There was tea. There is always tea. Tom drank three cups, each one stronger and more sugary than the last. He sat in an armchair while they crowded onto a sofa. White dog-hair coated everything. He answered their questions slowly and calmly: about seeing the body and making arrangements with funeral directors; about how to talk to the police and what to expect from the press; about paperwork – and, of course, about punishment.

Now he stands on their doorstep once again, yet this time he is walking away. The plague has been delivered. Some families can survive the storm, over time it can bring them closer; give each a greater understanding of the world. The Taylors? More likely, it will devour them, they will become distant, less open with each other and the world in general. Less tolerant, more resentful – less human. That was often the legacy of violent crime.

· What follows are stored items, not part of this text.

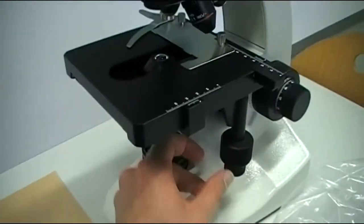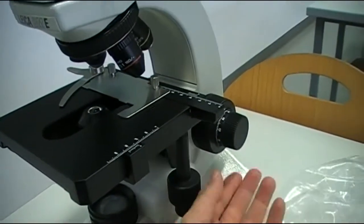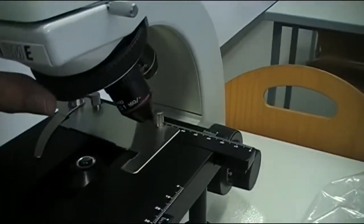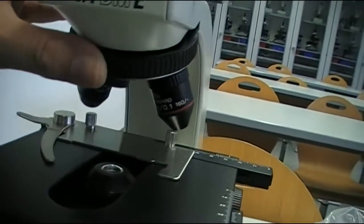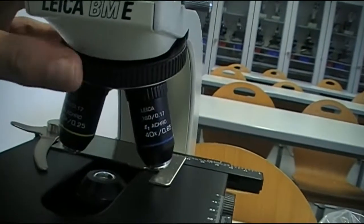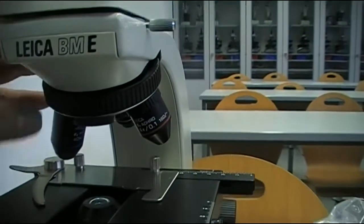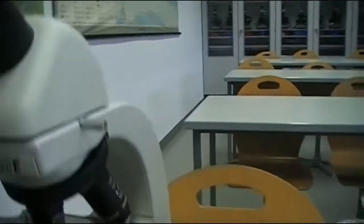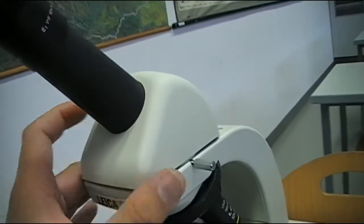The mechanical stage operates very smoothly. Rough and coarse focus — okay. What objectives do we have here? We have a 4x, 10x, and 40x objective, with the possibility to attach a fourth one. Rotates nicely.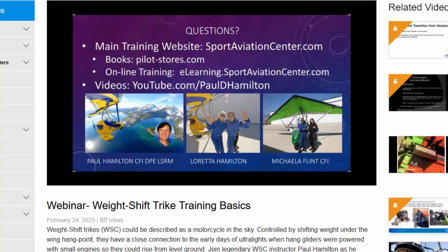Susan asks: how strong do you need to be? Is there a lot of force on the bar? There is more force than flying an airplane stick or wheel. There's a picture of Michaela Flint, a CFI who is very lightweight — lighter than me, and I only weigh 140 — and she's flying a high-powered, fast aircraft in mountain turbulence. Yes, it does take some muscle.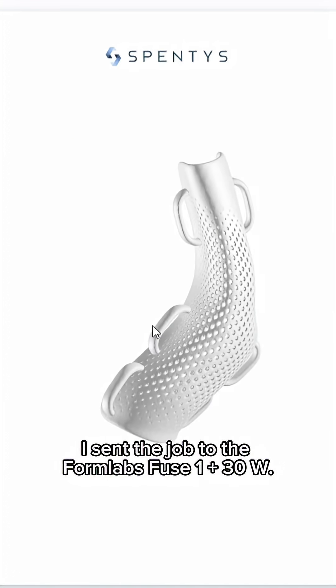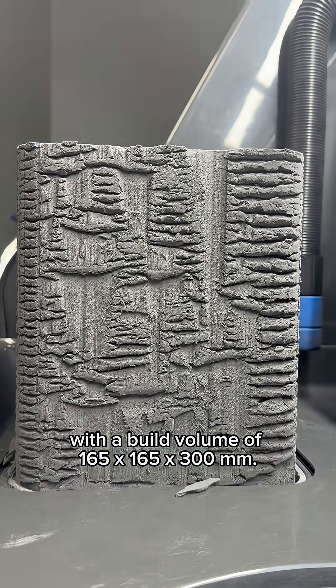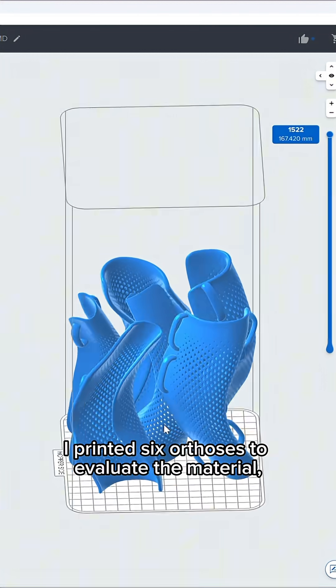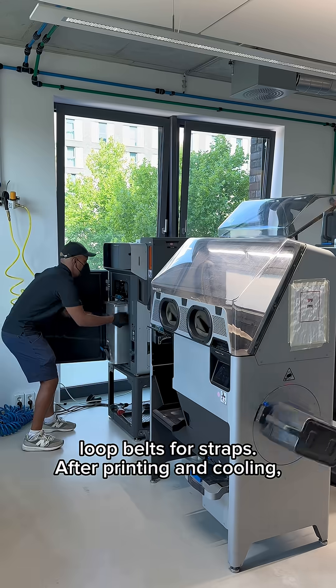Once the file was finalized, I sent the job to the Formlabs Fuse 1+ 30W, an industrial SLS printer with a build volume of 165 x 165 x 300 mm. I printed 6 orthoses to evaluate the material, with wall thicknesses ranging from 2 to 4 mm and fastening options with and without loop belts for straps.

‘You didn’t tell them the truth, did you?’ He hears her voice in his head: Dani Lancing. She talks to him every day. Questions him, but never really judges him. That’s his job. ‘“You will catch him, won’t you?”’ She mimics the mother.

‘Dani . . .’ he whispers softly, some pain creeping into his voice. ‘No, I didn’t tell them the truth.’ But he can’t lie to Dani, the woman he has loved his whole life, from the age of five until—

‘Until I died?’

‘That didn’t end it – I still . . .’ He can’t complete the sentence.

‘So what is the truth for them?’

‘The truth?’ Where does he start? How can he talk to a family about their daughter being so far off of society’s radar, sucking men’s cocks on abandoned ground behind King’s Cross station for twenty pounds a go, that she walked like a ghost in the hinterland of society. The police could afford very little protection to someone who chose to shun CCTV, keep to the shadows and have friends who would not speak to the police, not even to help find a killer. She had become expendable: her pimp will just cross her off his list and look for some other vulnerable girl he can use until she is drained or killed or crawls back home. That is the horrible truth and it makes Tom so angry.

‘The system will find her hard to care about. She will not be a priority.’